* [GOAL OF THE EXERCISE]: An accurate, complete copy of the records below is required.

* [STORED DATA]:
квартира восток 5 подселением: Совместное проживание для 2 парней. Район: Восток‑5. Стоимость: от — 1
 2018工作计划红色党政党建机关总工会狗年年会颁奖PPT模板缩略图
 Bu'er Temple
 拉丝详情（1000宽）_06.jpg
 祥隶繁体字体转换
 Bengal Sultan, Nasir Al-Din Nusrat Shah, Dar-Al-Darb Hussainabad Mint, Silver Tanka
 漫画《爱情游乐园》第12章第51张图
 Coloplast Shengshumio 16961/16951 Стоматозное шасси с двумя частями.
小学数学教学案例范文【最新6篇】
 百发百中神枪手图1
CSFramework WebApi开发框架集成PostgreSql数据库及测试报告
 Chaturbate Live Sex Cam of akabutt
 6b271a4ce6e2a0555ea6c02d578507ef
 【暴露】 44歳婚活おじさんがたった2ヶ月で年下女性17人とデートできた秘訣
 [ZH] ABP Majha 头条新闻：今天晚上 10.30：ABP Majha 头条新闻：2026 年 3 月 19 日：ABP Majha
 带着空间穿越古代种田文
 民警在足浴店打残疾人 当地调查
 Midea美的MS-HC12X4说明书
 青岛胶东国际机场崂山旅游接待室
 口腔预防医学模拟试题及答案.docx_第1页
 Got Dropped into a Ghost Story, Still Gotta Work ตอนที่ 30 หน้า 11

* [EXERCISE OUTPUT]:
квартира восток 5 подселением: Совместное проживание для 2 парней. Район: Восток‑5. Стоимость: от — 1
 2018工作计划红色党政党建机关总工会狗年年会颁奖PPT模板缩略图
 Bu'er Temple
 拉丝详情（1000宽）_06.jpg
 祥隶繁体字体转换
 Bengal Sultan, Nasir Al-Din Nusrat Shah, Dar-Al-Darb Hussainabad Mint, Silver Tanka
 漫画《爱情游乐园》第12章第51张图
 Coloplast Shengshumio 16961/16951 Стоматозное шасси с двумя частями.
小学数学教学案例范文【最新6篇】
 百发百中神枪手图1
CSFramework WebApi开发框架集成PostgreSql数据库及测试报告
 Chaturbate Live Sex Cam of akabutt
 6b271a4ce6e2a0555ea6c02d578507ef
 【暴露】 44歳婚活おじさんがたった2ヶ月で年下女性17人とデートできた秘訣
 [ZH] ABP Majha 头条新闻：今天晚上 10.30：ABP Majha 头条新闻：2026 年 3 月 19 日：ABP Majha
 带着空间穿越古代种田文
 民警在足浴店打残疾人 当地调查
 Midea美的MS-HC12X4说明书
 青岛胶东国际机场崂山旅游接待室
 口腔预防医学模拟试题及答案.docx_第1页
 Got Dropped into a Ghost Story, Still Gotta Work ตอนที่ 30 หน้า 11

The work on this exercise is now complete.